Data listing:
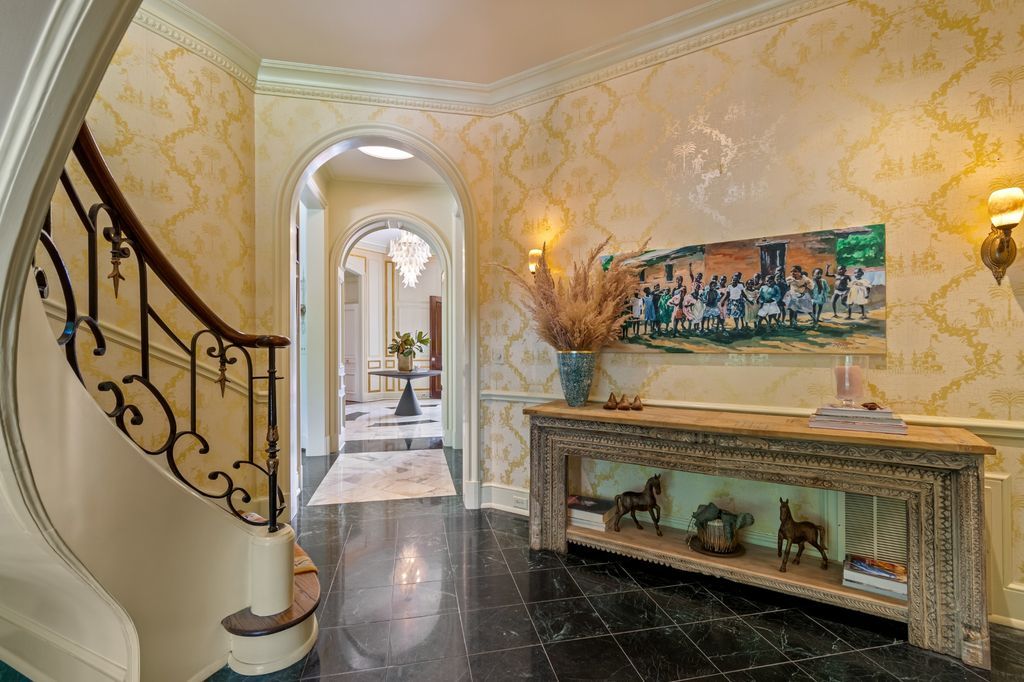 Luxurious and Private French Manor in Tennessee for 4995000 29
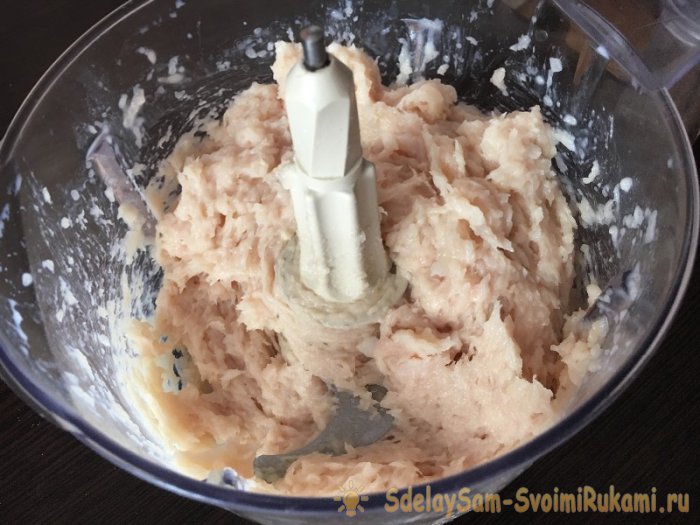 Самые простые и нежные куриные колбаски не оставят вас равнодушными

* * *

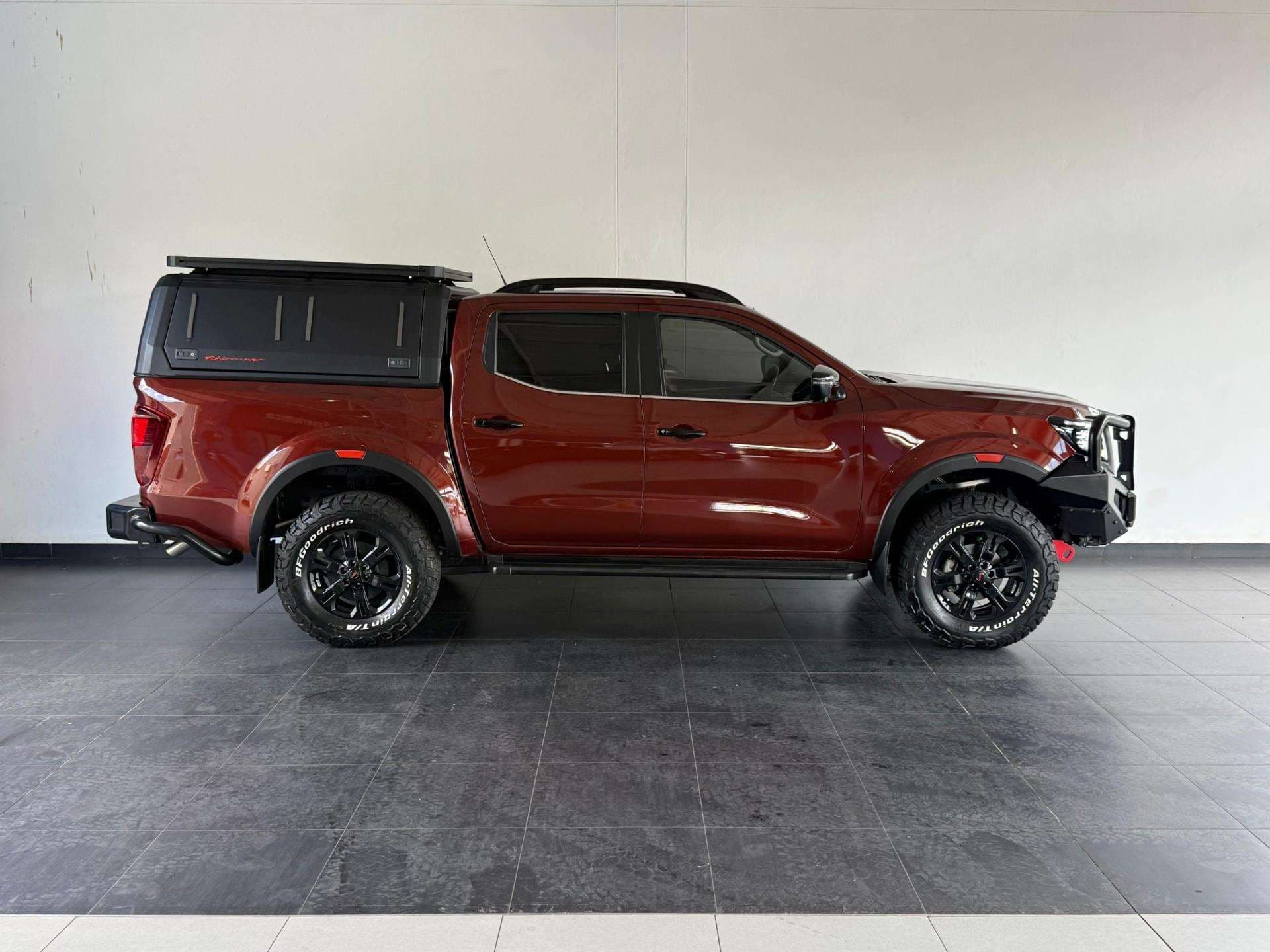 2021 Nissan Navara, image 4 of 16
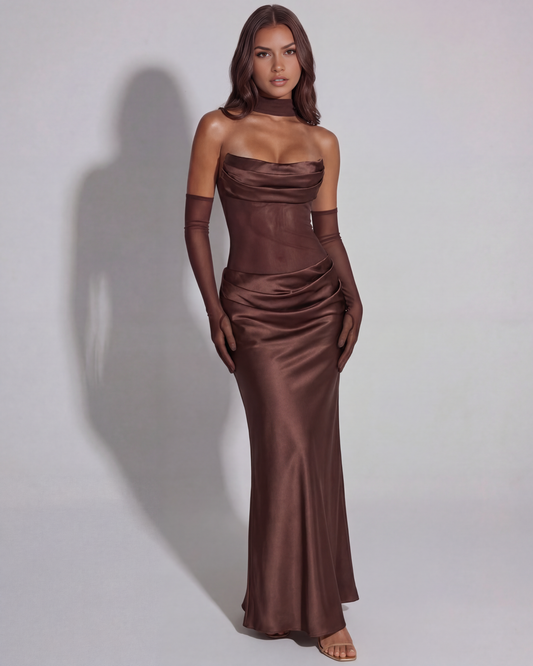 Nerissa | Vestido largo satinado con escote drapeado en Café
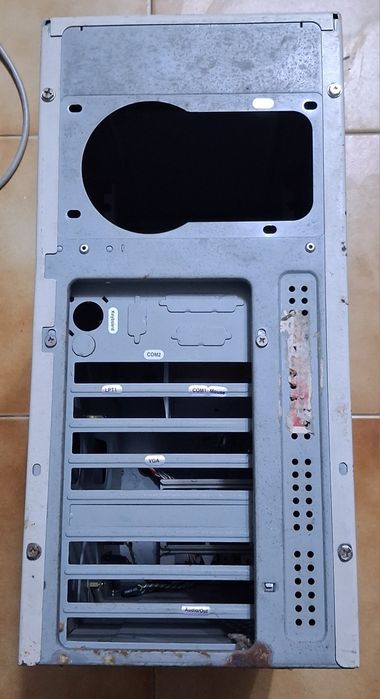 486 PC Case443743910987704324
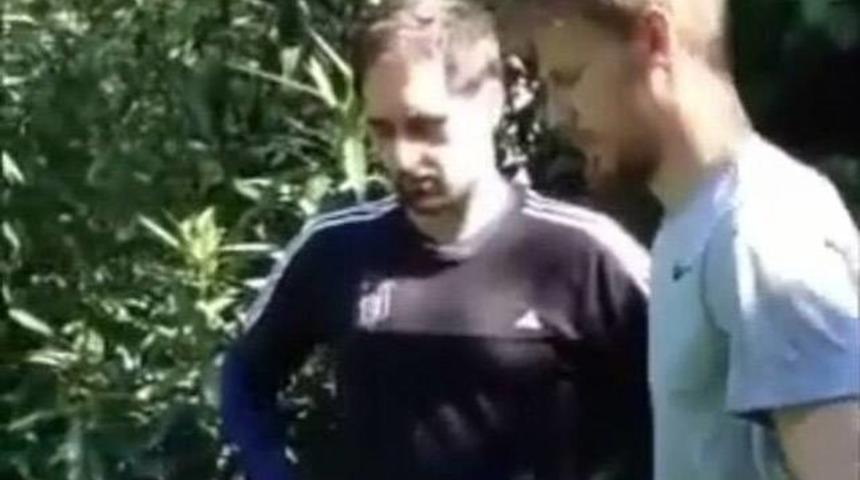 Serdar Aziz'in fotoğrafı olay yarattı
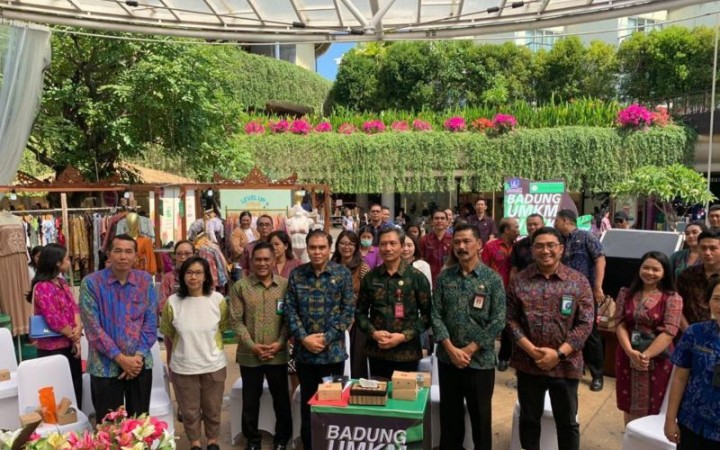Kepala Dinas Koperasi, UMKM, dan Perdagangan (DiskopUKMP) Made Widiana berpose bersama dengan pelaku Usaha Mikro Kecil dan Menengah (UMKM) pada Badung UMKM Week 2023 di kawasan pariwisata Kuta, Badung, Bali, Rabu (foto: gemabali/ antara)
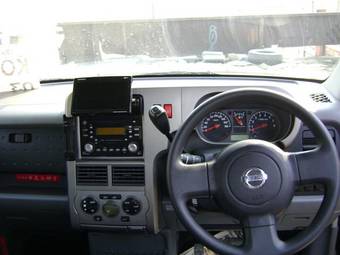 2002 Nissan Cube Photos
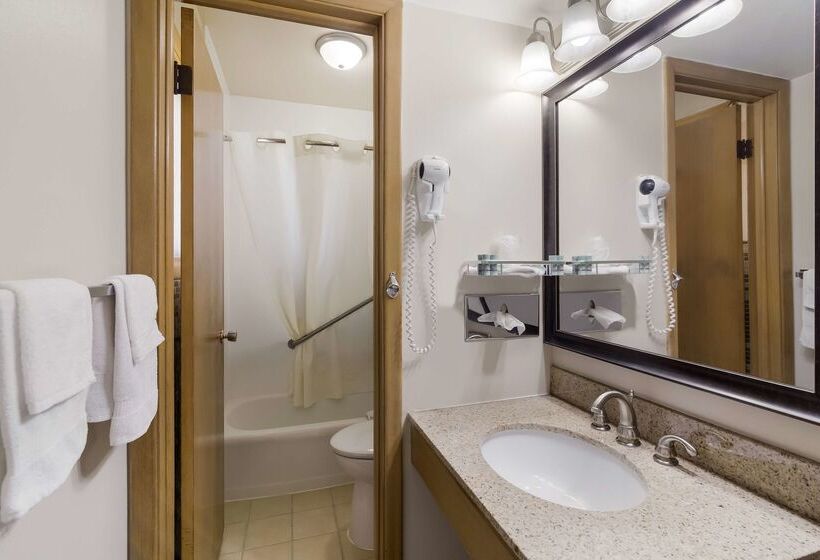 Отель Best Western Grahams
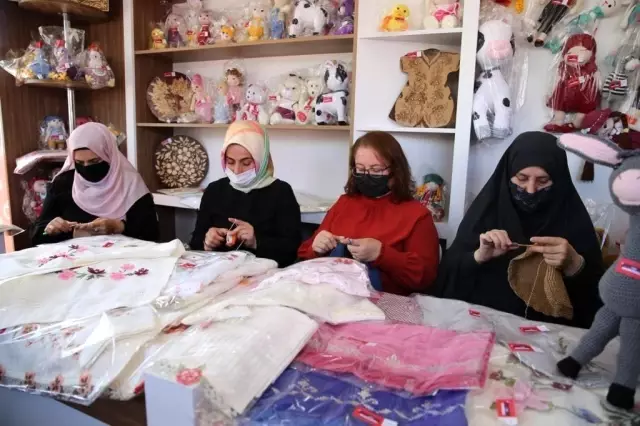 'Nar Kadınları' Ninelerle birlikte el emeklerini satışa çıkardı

==

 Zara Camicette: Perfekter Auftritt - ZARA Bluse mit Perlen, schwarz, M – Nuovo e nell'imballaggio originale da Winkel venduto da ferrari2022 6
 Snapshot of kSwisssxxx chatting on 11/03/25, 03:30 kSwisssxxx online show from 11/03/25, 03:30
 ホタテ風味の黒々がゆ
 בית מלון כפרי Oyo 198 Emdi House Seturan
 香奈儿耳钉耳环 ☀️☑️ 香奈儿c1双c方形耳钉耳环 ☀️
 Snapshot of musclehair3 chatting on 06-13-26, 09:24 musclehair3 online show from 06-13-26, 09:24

Your goal:
Send back an exact copy of only the lines from the line with "Zara Camicette: Perfekter" up to and including the line with "Snapshot of musclehair3" in the data above.

Result of the exercise:
 Zara Camicette: Perfekter Auftritt - ZARA Bluse mit Perlen, schwarz, M – Nuovo e nell'imballaggio originale da Winkel venduto da ferrari2022 6
 Snapshot of kSwisssxxx chatting on 11/03/25, 03:30 kSwisssxxx online show from 11/03/25, 03:30
 ホタテ風味の黒々がゆ
 בית מלון כפרי Oyo 198 Emdi House Seturan
 香奈儿耳钉耳环 ☀️☑️ 香奈儿c1双c方形耳钉耳环 ☀️
 Snapshot of musclehair3 chatting on 06-13-26, 09:24 musclehair3 online show from 06-13-26, 09:24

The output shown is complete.